Each section begins by outlining how much she earned producing food and how much she spent on what she ate. In the fields, she spent 25% of her $10,588 annualized salary; at Wal-Mart, 17.2% of $11,487; at Applebee’s, 13.5% of $12,845. What those numbers don’t reveal is how much she depended on the kindness of strangers.
McMillan gets hired to pick grapes, sort peaches and harvest garlic. She lands her first job with the help of a sympathetic neighbor, who brings her along when the work is scarce in a mini-business of selling breakfast to other workers (McMillan provides the soda). Acquaintances share surplus food from the fields. A woman unloads a bounty from the throwaway bins at Trader Joe’s, including bread that a ravenous McMillan devours. A Michigan landlord stocks the kitchen and rewards on-time rent with pizza; in two houses where she rents rooms, the landlords regularly feed her home-cooked meals.
The fact that these actions are recorded but seem to go unrewarded by her — even after McMillan returns to her “real” life — becomes one of the increasingly uncomfortable elements of the book. These are, after all, the types of families for whom it makes sense to displace a teenage son from his bedroom for the $300 McMillan will pay that month; how can she rapturously write of the seafood soup without offering to stock the fridge once in a while? Perhaps these transactions happened but were too intimate to be recorded.
This is the other element that is missing: intimacy. McMillan is excellent at describing the surface of things — where to stand to sort just-picked peaches, how many training videos a new Wal-Mart staffer will watch — but more often than not, she omits the feel of things. If her muscles hurt after that first day in the fields, if she was bored stocking shelves all night, we don’t know it.
Instead, we get a rhapsodic detailing of urban gardening in contemporary Detroit, which feels off the point but fits into her larger ends of imagining healthier eating solutions for all Americans, even those who are poor. Similarly, her history of supermarkets, which have always made profits off processed, packaged food, seems to be ideologically driven: Wal-Mart recently added fresh foods; the success of Whole Foods (which, admittedly, is not above criticism) goes almost entirely unmentioned.
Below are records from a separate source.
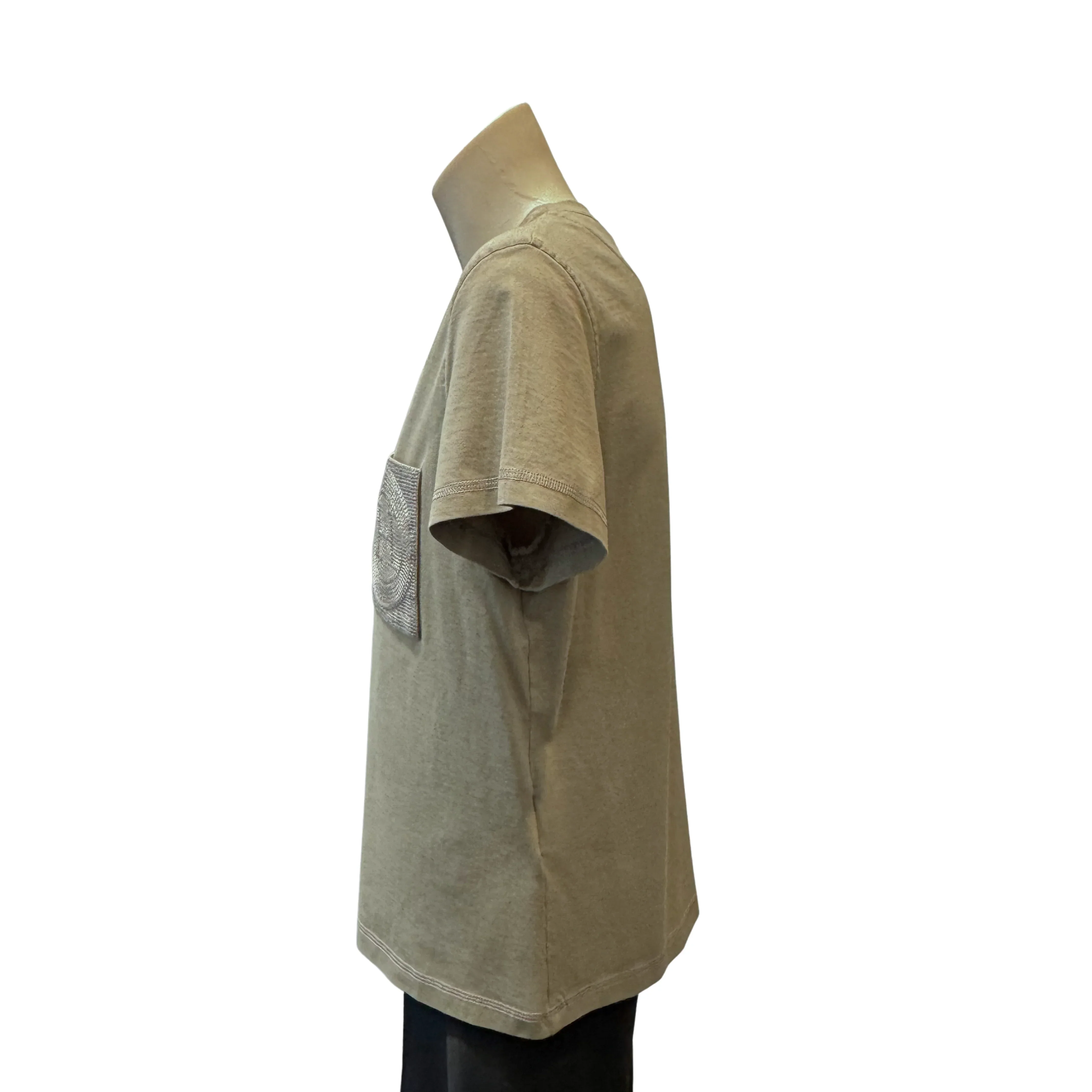 Hermes Droit Poche Brodée T-shirt Khaki size 40 - Image 2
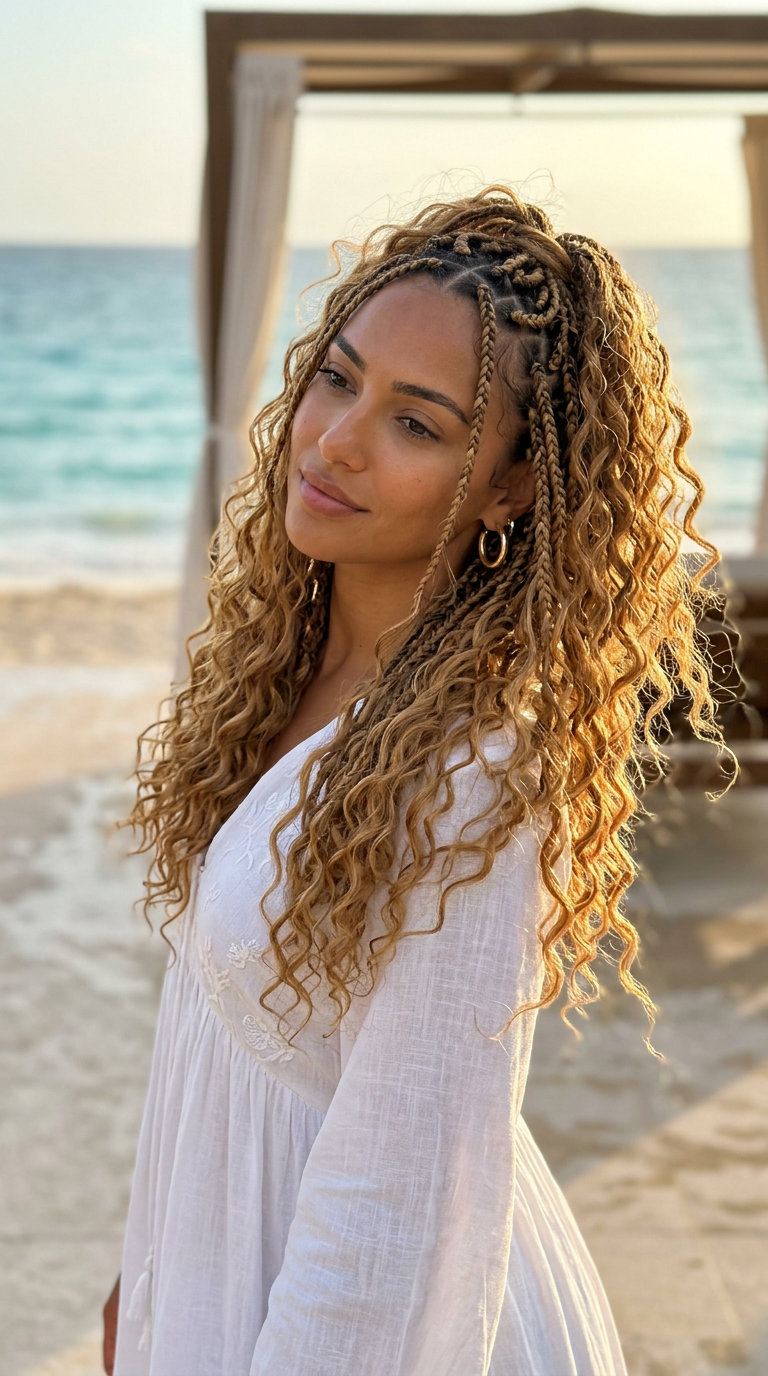 Sun-Kissed Goddess Braids Crown 2026 sun-kissed goddess braids crown with honey blonde highlights and loose curls for a boho wedding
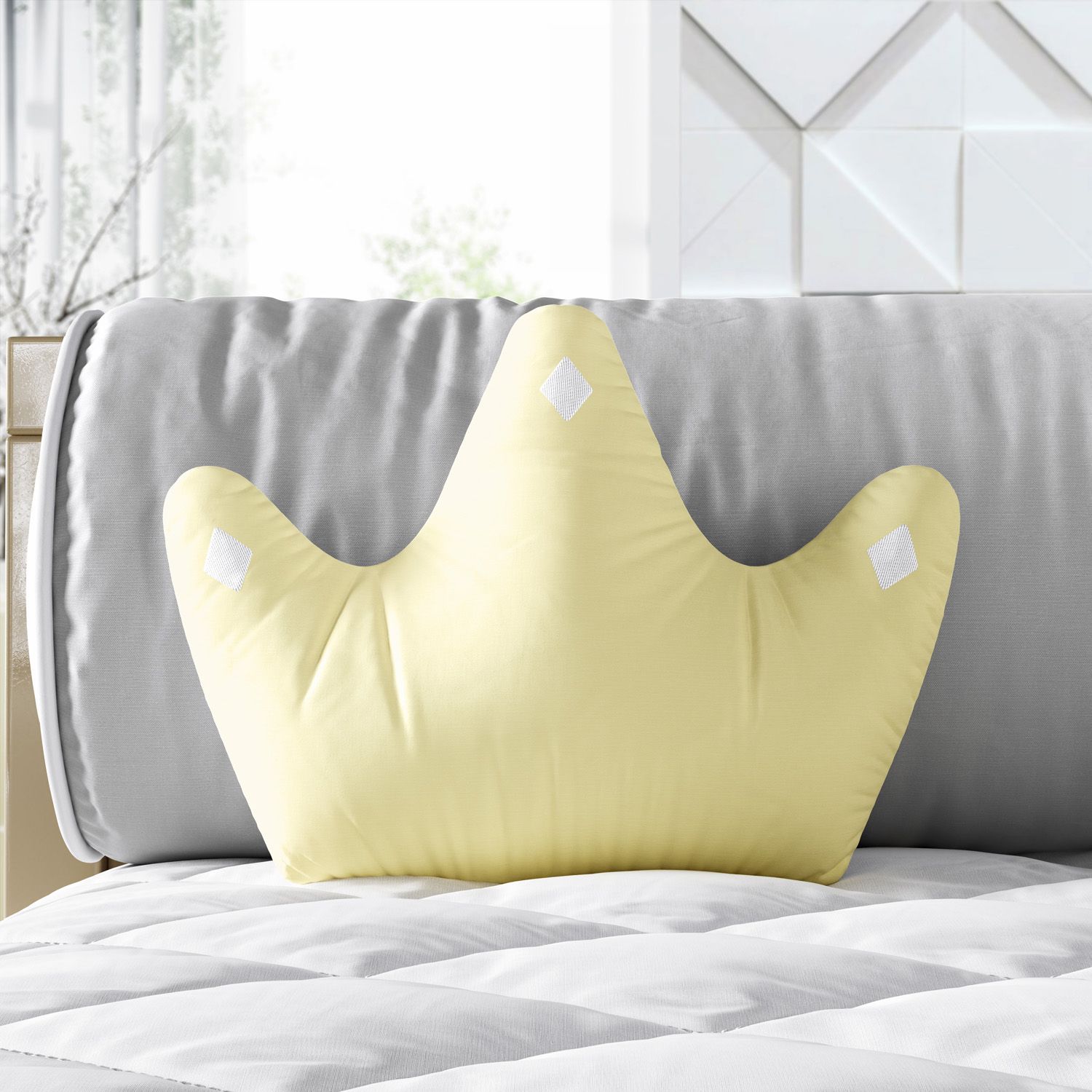 Almofada Coroa Ursinho Clássico Marinho 22cm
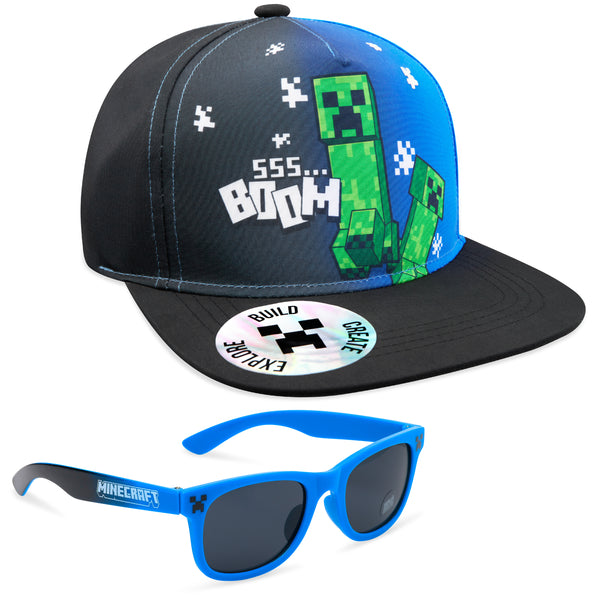 Minecraft Baseball Cap and;Sunglasses Set, Adjustable Hat 100% UV Protection Kids Boys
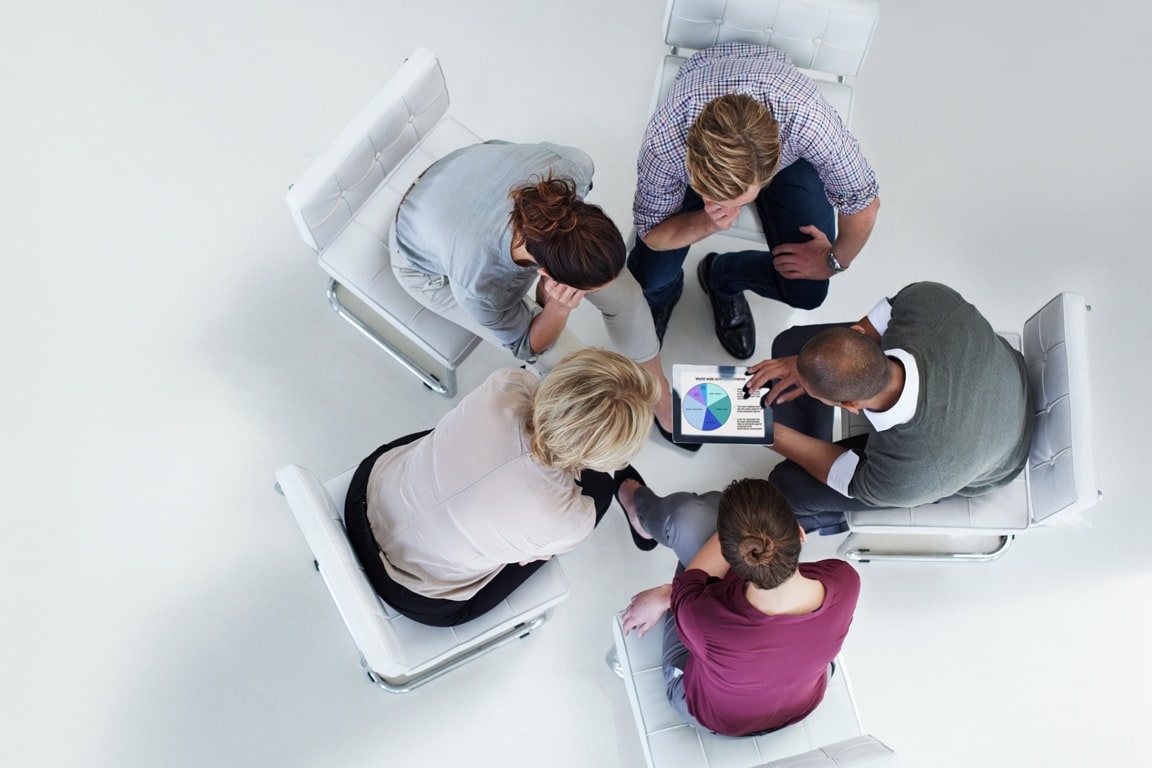 group of five in a meeting environment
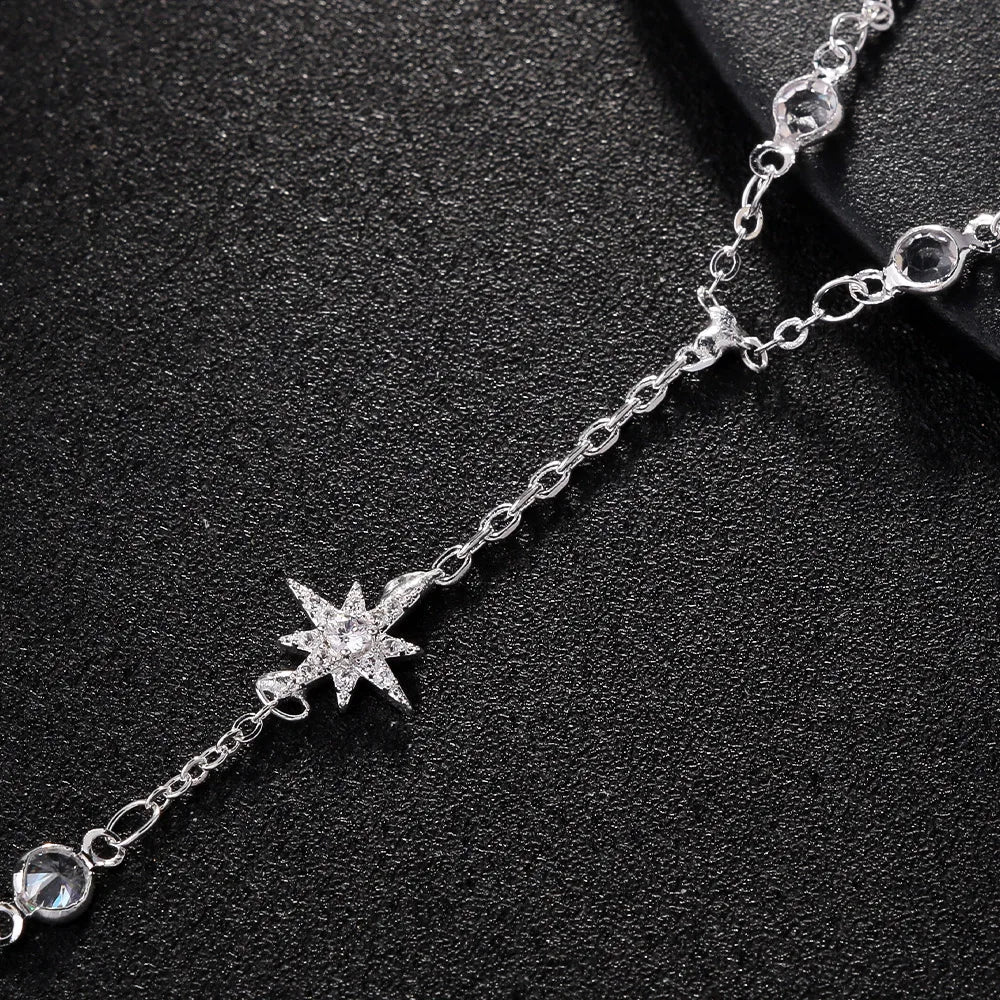 Lyric Star and Stone Point Hand Chain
What’s just plain weird is how little we read of her own eating habits; what we see doesn’t adhere to the healthful eating she advocates. One kitchen is too gross, one too busy; she must cook in others, but she doesn’t write it up. She compares prices between tomatoes at a Wal-Mart and a local grocery store, but she doesn’t explain what she cooks with them. Once she can eat for free at Applebee’s, she does. I’m no food saint, but I want to shake her for drinking soda everywhere she goes. And when she sees men in the fields with camp stoves cooking hot midday meals, she mentions offhandedly that she buys sandwiches instead. This seems to be the core of her project, exploring how poor people who bring us food can eat healthfully; here are people doing so, but the how and what of it go unexplored.
The U.S. food system is large and complex, and McMillan’s efforts to tell macro and micro stories never cohere into a complete picture. What she can give us that no one else can is her experience on the line. Tragically, that includes a sexual assault that happened, she writes, after the celebration of her last night at Applebee’s, where she had enjoyed the work (it was not a work colleague). Related in less than two pages, that experience may explain some of McMillan’s unwillingness to get too close, to reveal too much about what she was feeling during the project.
There is some insight here, about danger and vulnerability, about power and poverty, about what it takes to feed ourselves in a way that is good from the inside-out and top to bottom. But I’m not entirely sure what it is; McMillan isn’t either.